Sucre enfrenta crisis vial: 8 fallas de borde ponen en riesgo seguridad y movilidad
Ocho puntos críticos dañan la infraestructura vial en Sucre
El estado Sucre está lidiando con una realidad que pocos reconocen: ocho fallas de borde amenazan la seguridad y conectividad en zonas claves como Cumaná, Marigüitar e Irapa.
El Ministerio de Obras Públicas junto a la Corporación de Infraestructura Vial de Sucre avanzan en proyectos de reparación, pero las obras aún están en su fase final. Cinco frentes simultáneos trabajan en drenajes, muros de estabilización y sustitución de alcantarillado, con esfuerzos concentrados en Santa Cruz, Sacamanteca, Plan de la Mesa, Tocuchare y La Cuiba.
¿Por qué esto cambia el escenario?
Después de seis meses de intervención, las mejoras no solo atienden daños superficiales. Son arreglos urgentes que podrían evitar colapsos mayores en las carreteras, pero la demora evidencia deficiencias previas en planificación y mantenimiento.
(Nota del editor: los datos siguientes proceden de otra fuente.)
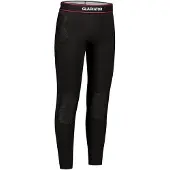 Gladiator Sports Padded Legging Zwart Rood Wit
La consecuencia inmediata es que las fallas de borde comprometen la estabilidad de vías esenciales para la economía local y la seguridad ciudadana. Sin una acción firme y rápida, el riesgo de accidentes y pérdidas económicas se elevará.
¿Qué podemos esperar a futuro?
Estas obras marcarán un punto de inflexión si se completan eficientemente. La supervisión tanto nacional como regional es clave para garantizar que las soluciones sean duraderas.
Pero el mensaje queda claro: la infraestructura vial en Sucre no soporta más descuidos. La seguridad y el desarrollo dependen de mantener carreteras en condiciones óptimas, y cualquier retraso en estas correcciones plantea un costo que la población paga con mayor inseguridad y aislamiento económico.